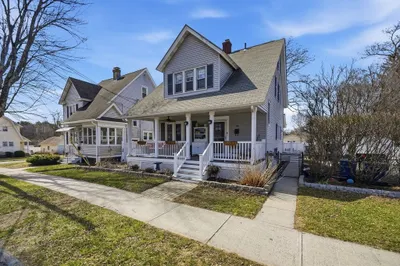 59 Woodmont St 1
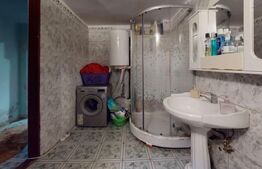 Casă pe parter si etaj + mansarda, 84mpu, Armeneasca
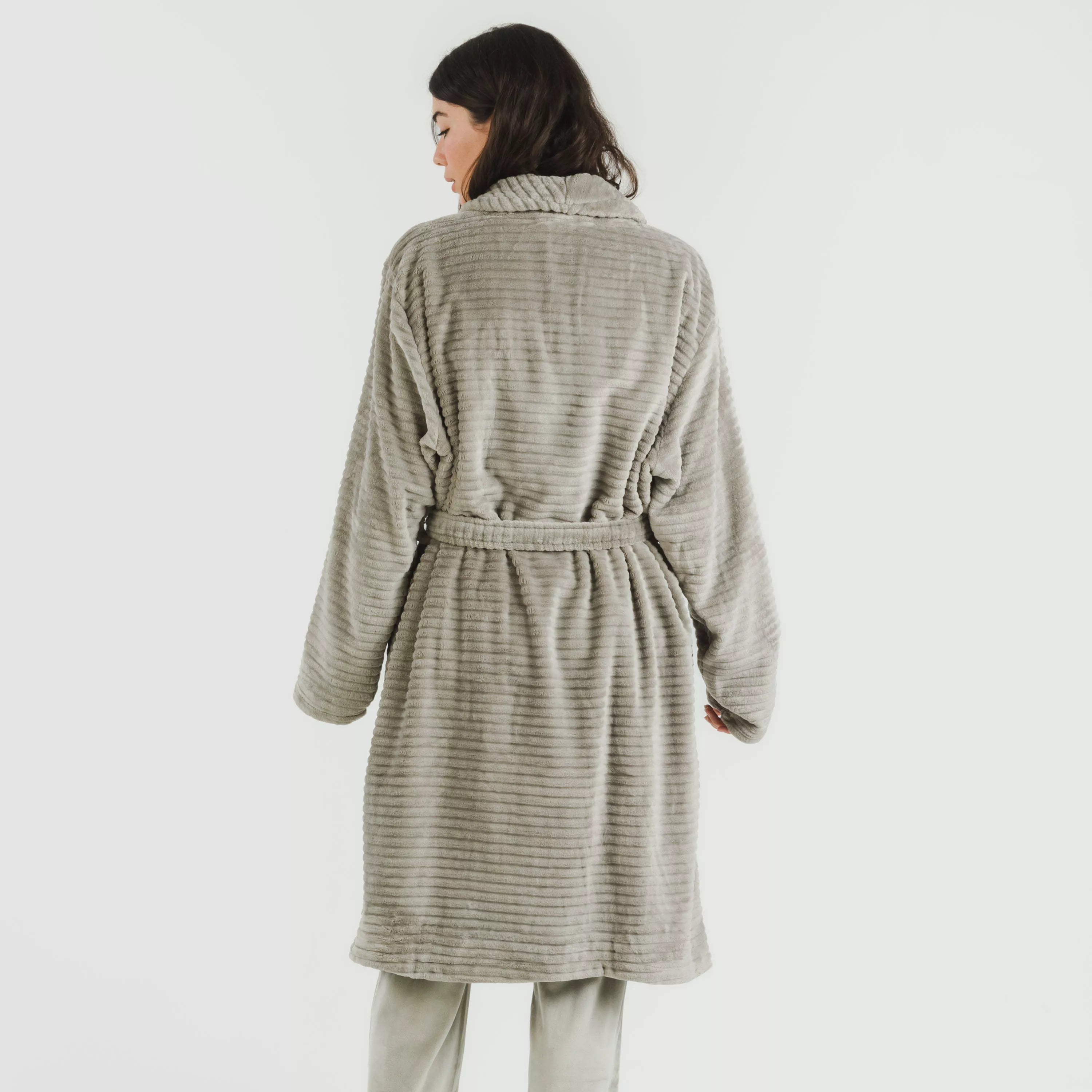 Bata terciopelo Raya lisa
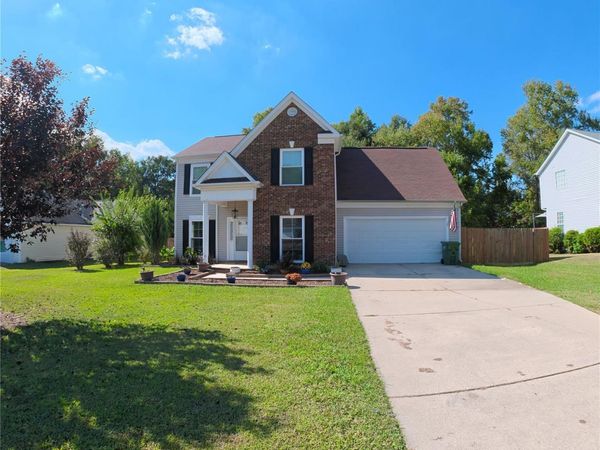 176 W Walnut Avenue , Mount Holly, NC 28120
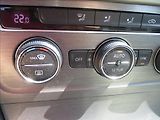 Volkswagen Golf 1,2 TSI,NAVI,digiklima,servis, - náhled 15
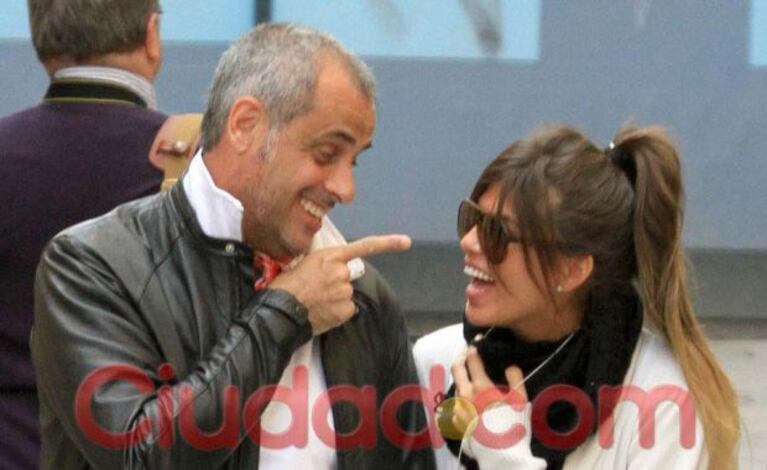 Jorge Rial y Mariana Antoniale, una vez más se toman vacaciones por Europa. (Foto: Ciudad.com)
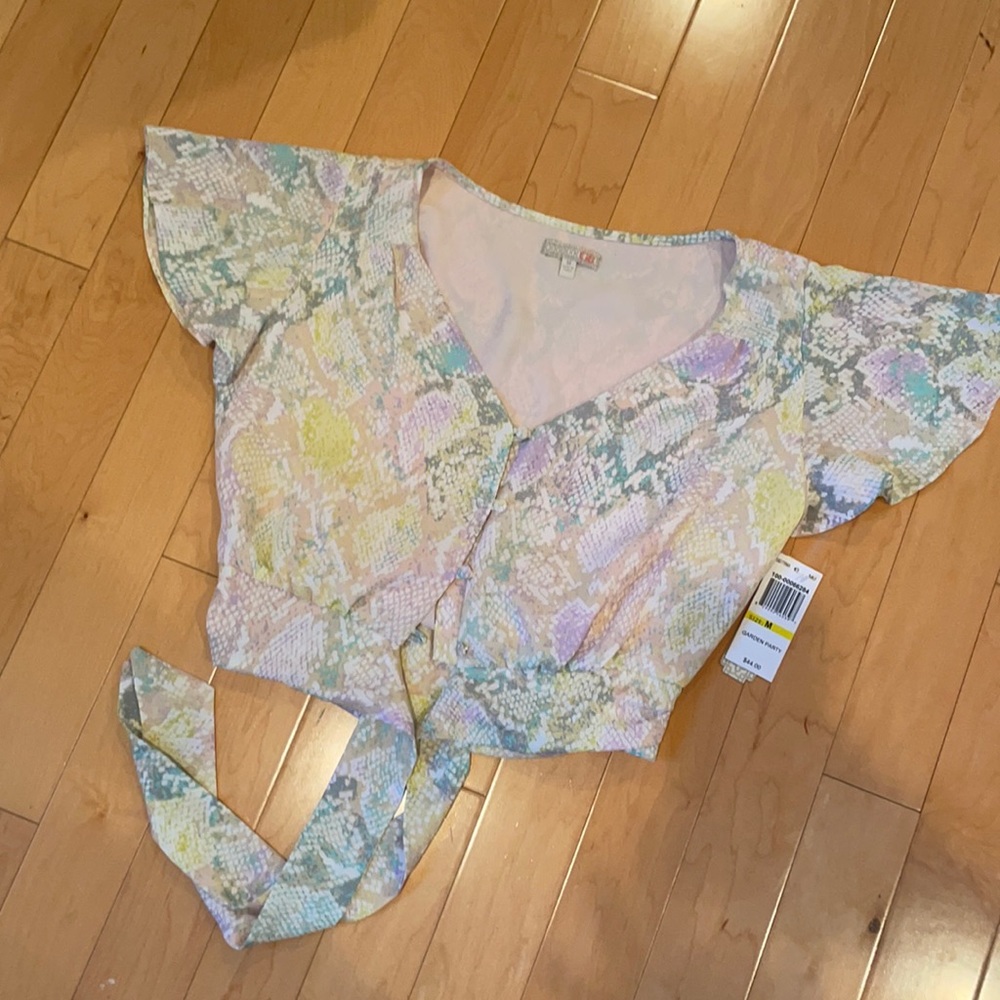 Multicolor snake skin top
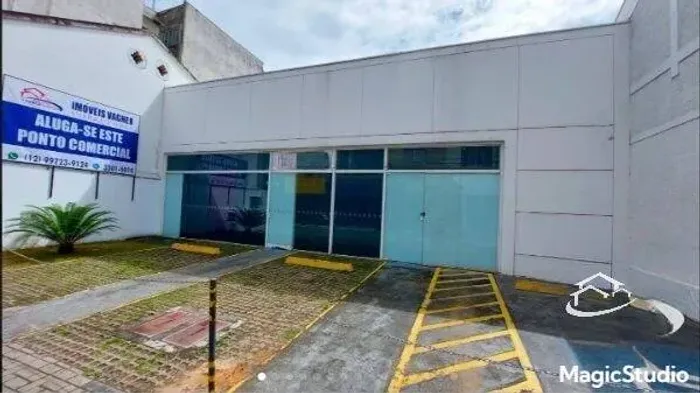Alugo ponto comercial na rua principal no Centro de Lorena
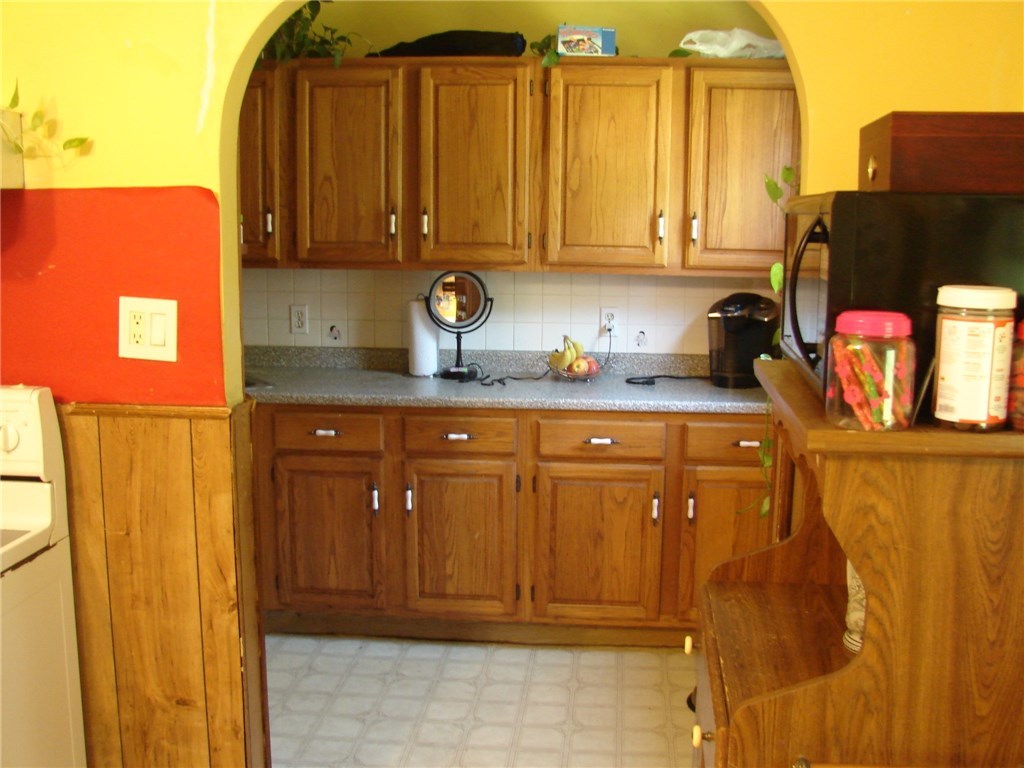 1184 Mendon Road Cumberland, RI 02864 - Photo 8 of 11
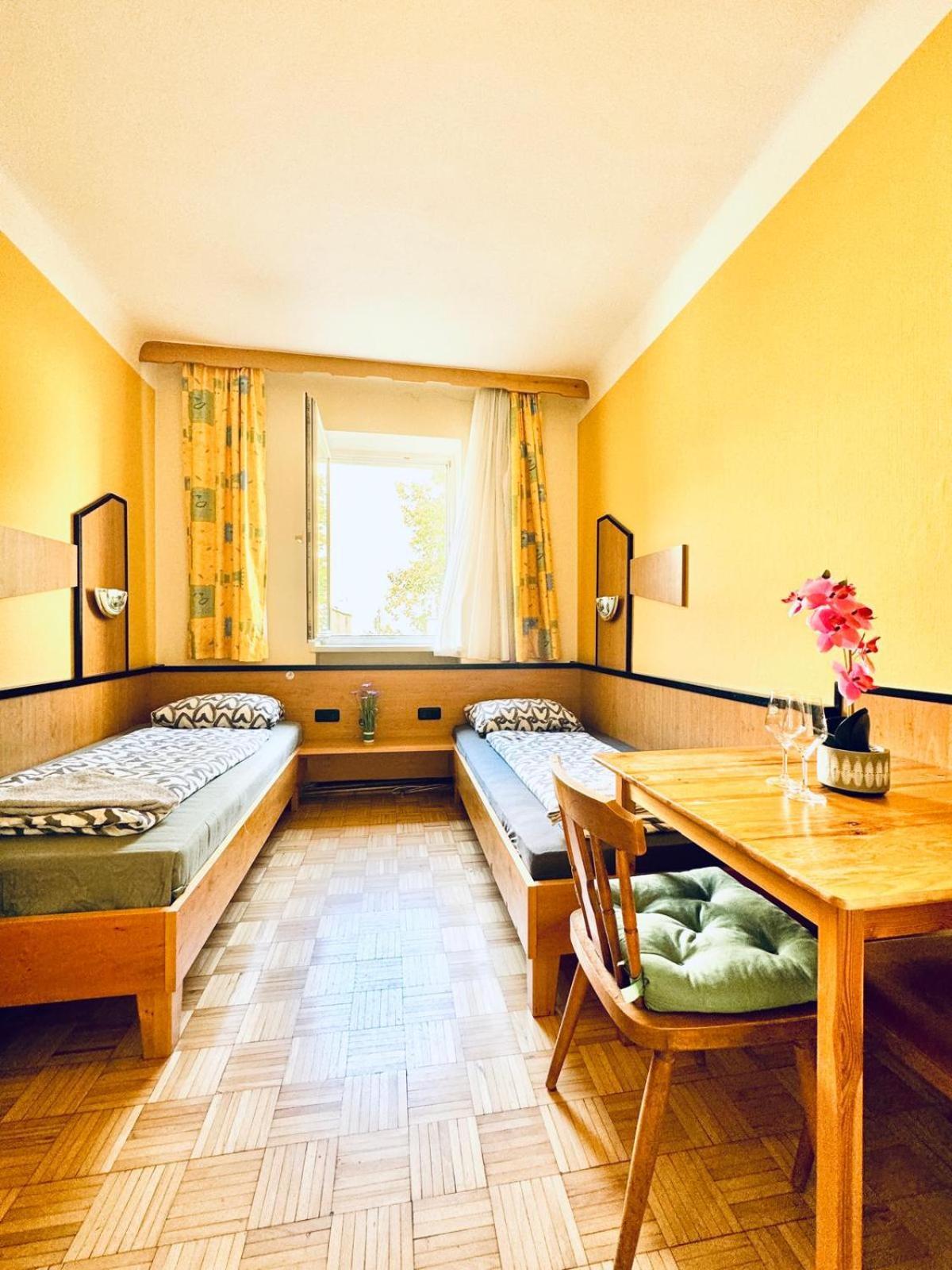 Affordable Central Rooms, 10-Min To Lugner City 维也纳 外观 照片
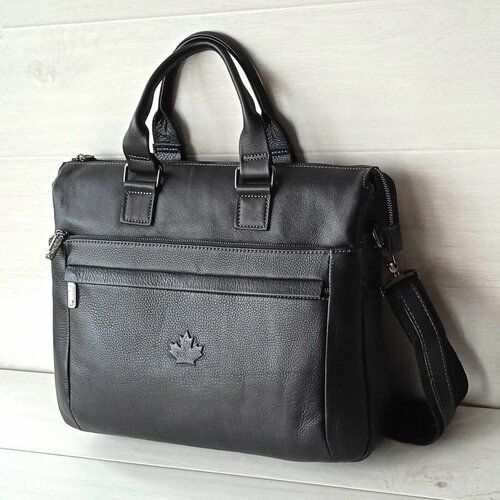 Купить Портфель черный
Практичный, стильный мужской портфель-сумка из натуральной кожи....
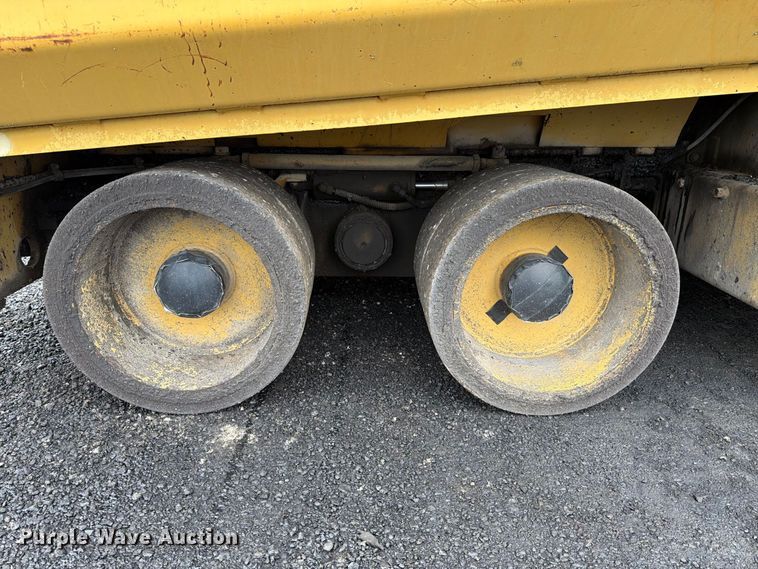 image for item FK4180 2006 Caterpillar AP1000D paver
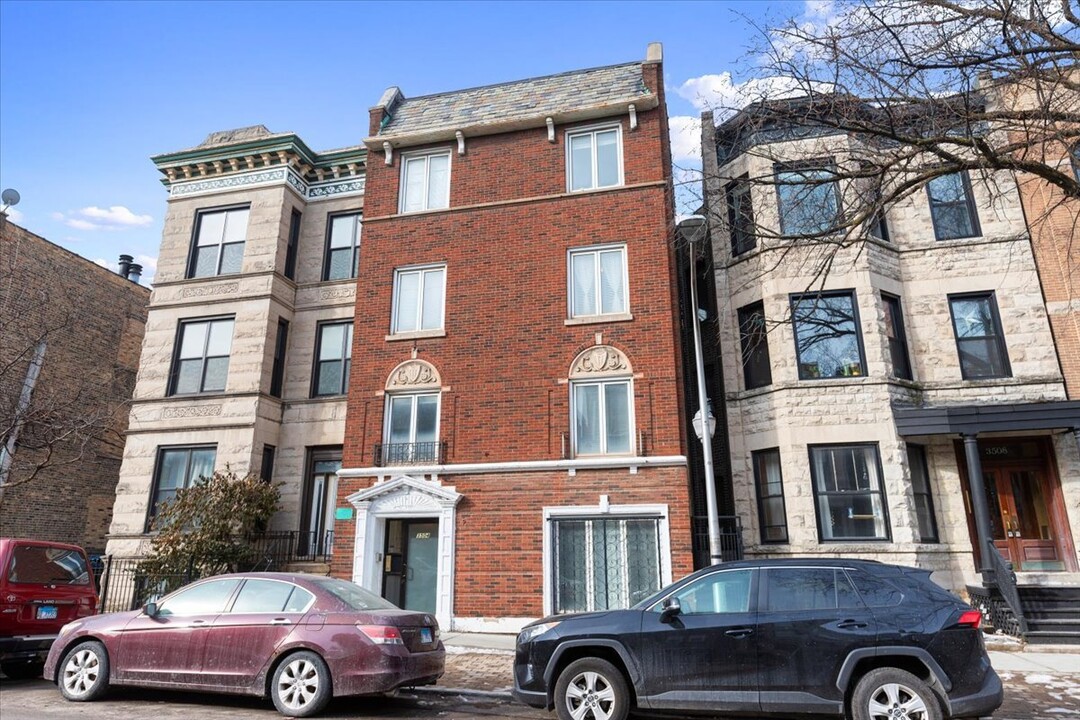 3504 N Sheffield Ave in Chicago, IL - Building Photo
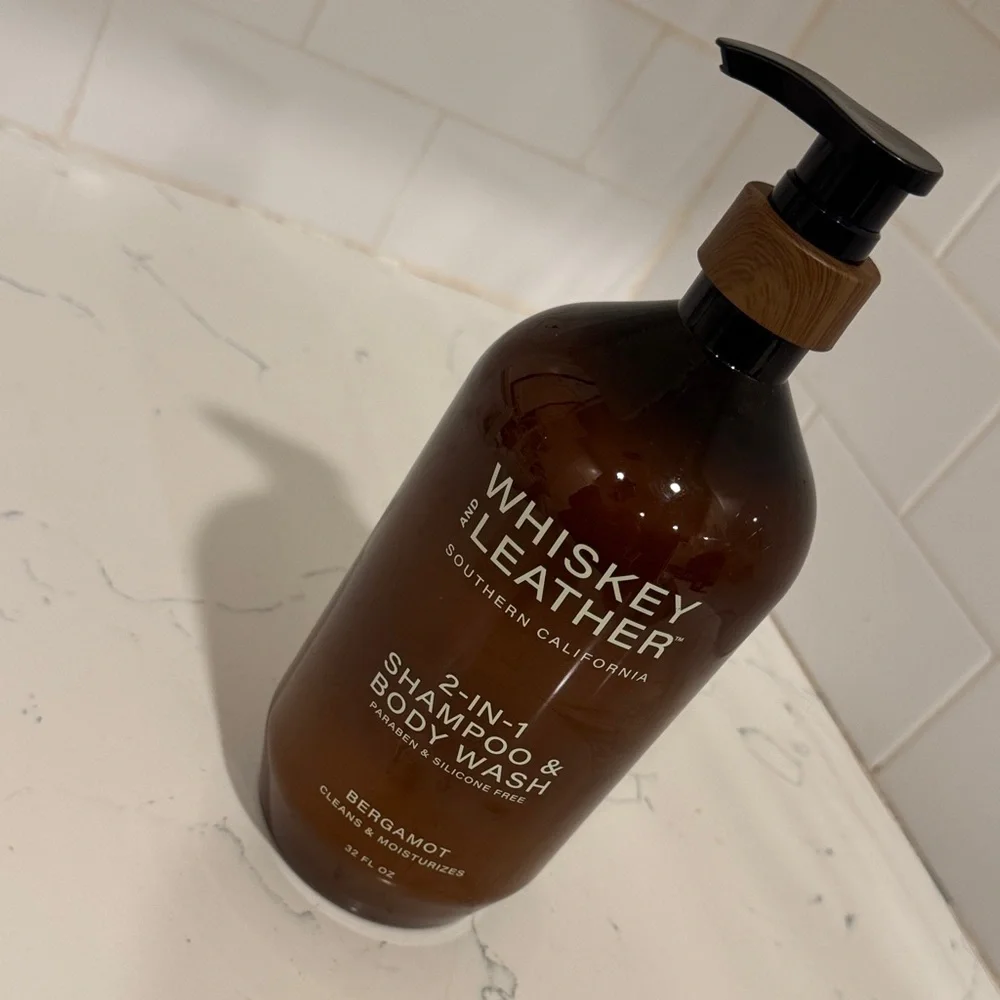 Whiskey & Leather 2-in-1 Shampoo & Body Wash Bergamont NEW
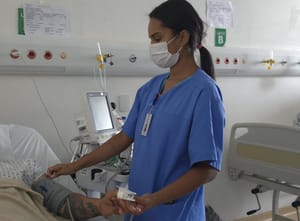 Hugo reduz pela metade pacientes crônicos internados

● **Action item**
Begin with the line containing "Multicolor snake skin top" and end with the last line of the material above; return exactly those lines, both ends included, and omit all pictures.

● **Output of the task**
 Multicolor snake skin top
Alugo ponto comercial na rua principal no Centro de Lorena
 1184 Mendon Road Cumberland, RI 02864 - Photo 8 of 11
 Affordable Central Rooms, 10-Min To Lugner City 维也纳 外观 照片
 Купить Портфель черный
Практичный, стильный мужской портфель-сумка из натуральной кожи....
 image for item FK4180 2006 Caterpillar AP1000D paver
 3504 N Sheffield Ave in Chicago, IL - Building Photo
 Whiskey & Leather 2-in-1 Shampoo & Body Wash Bergamont NEW
 Hugo reduz pela metade pacientes crônicos internados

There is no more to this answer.